Kozeta Viktor Hygo
Victor Marie Hugo (pronounced: Victor Hygo) was born in Besançon on February 26, 1802, was a French playwright, poet and writer, considered the father of Romanticism and a dominant figure in nineteenth-century French literature.
Hygoi was born in Besançon, France on February 26, 1802. He died on May 22, 1885. He spent the first years of his life in many different places forced by his family because of the work of his father who was a general in the active Napoleonic campaigns after 3 years in Corsica; 2 in Paris and a few years in Southern Italy he started school in Spain and later continued in Paris.
His first publication was a volume of “Odette” which he published only when he was 20 years old, a work under the influence of the classical school. Romanticism had already begun to spread in French literature, where Hygoi based on this published the second part of “Odet”. During 1831 and 1841 he wrote many works which greatly enhanced his reputation, and less of these achievements he became a member of the French academy at the age of 39 years. The novels “Notre Dame de Paris” and the dramas “Lucrece Borgiaa”, “Marie Tudor” and “Le roi s´amusë” from which Verdi took the subject for his opera Rigo, were a great success.
During the years 1841-1851 Hygo wrote little, and engaged in politics, initially as a supporter of Louis Philippe’s monarchy with ardent Napoleonic ideas. He later appeared and supported Louis Napoleon as president, but did not support Napoleon III, and this cost him his expulsion from France. However, the years of exile were very fruitful, during this time he wrote the novel “The Miserables” which made him known outside France “Sea Workers”, “The Laughing Man” etc.
With the fall of the empire Hygoi returned to Paris and made an unsuccessful attempt partly in the political part of France. He spent the following years until his death in Paris. In 1881 he was appointed permanent senator. He died May 22, 1885 and was buried with a magnificent ceremony in Paris.
Victor Hygo is considered the honor of French literature and has reached its peaks. He was regarded in the first place as a poet, but even here he broke the main, essential rules on which the French literature of that time was based. His epic style and lyricism are unattainable. He will always remain one of the brightest and most glorious writers of France.
Outside France Victor Hugo is best known for his entirely romantic prose, he loved the antithesis, and this led him to exaggerate and create grotesque cartoons. His creations are vivid and very striking, often times his novels are with technical details and exaggerated descriptions.
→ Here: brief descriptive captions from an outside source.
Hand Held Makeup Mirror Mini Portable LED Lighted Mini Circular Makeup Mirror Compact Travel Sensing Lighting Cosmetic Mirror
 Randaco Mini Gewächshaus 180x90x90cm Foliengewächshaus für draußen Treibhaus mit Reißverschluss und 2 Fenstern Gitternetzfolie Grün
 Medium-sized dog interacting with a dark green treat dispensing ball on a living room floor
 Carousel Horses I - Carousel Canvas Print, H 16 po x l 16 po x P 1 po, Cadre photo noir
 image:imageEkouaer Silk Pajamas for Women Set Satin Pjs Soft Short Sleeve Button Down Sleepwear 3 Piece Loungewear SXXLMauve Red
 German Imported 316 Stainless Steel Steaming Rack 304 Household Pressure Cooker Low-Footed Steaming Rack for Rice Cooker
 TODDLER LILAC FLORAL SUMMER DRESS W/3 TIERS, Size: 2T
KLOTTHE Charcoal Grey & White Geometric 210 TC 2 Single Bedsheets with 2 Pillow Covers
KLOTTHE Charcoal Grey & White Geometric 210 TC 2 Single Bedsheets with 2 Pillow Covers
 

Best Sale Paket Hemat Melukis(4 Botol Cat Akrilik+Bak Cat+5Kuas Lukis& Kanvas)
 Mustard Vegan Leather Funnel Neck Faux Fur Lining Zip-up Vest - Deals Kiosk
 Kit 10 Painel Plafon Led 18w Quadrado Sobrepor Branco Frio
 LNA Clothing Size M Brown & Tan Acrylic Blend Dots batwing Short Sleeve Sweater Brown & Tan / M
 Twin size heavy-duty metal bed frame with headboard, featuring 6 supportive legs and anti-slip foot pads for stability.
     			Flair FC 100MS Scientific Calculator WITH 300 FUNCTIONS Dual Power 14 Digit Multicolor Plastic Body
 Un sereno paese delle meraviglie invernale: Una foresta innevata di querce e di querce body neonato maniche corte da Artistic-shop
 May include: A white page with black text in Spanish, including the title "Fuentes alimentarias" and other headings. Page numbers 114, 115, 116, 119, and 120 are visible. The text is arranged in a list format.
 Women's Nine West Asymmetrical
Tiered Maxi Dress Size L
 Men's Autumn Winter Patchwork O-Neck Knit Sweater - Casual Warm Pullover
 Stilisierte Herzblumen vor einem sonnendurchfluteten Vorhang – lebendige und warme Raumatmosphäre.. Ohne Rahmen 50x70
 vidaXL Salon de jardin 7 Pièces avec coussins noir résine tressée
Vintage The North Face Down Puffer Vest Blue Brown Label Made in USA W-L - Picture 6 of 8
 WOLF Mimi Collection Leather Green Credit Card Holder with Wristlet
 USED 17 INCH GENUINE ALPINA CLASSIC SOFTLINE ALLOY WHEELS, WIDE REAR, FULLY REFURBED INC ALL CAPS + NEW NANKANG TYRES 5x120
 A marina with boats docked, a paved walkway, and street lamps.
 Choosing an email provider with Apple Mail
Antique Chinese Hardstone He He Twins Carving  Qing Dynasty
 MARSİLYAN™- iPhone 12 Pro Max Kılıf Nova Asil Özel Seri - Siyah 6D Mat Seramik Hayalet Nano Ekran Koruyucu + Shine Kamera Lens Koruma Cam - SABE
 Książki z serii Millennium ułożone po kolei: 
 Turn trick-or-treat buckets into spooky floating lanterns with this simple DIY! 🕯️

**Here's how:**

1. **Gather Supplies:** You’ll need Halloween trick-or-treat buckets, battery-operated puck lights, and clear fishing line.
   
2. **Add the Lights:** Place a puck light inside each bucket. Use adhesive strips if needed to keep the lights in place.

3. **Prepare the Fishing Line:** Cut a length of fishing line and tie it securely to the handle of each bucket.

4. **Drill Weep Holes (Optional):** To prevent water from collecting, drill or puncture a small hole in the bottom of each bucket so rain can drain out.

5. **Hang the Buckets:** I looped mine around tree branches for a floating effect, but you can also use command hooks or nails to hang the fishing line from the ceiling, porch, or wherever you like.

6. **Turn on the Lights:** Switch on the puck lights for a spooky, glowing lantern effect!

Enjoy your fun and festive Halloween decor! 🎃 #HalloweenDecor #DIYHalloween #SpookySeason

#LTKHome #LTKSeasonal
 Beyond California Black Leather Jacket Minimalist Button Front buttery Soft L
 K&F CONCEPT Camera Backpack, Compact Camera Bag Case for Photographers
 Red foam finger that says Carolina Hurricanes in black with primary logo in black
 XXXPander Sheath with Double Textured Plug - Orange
Victor Hugo lacked a sense of proportion, and this is evident in his exaggerated ideas, as well as his lack of humor in all his works (approximately). In this respect he was never a leader in politics. List one of the writers to touch your soul when you read his works.
He knew how to stay away from the melancholy and lonely models that characterized the poets of the time, knowing how to accept the not always happy vicissitudes of his life to make them essential experiences and to collect the values and shades of the human soul.
His writings forgot to cover all literary genres, from lyricism, to tragedy, to customs, to political satire, to historical and social novels, arousing consensus throughout Europe.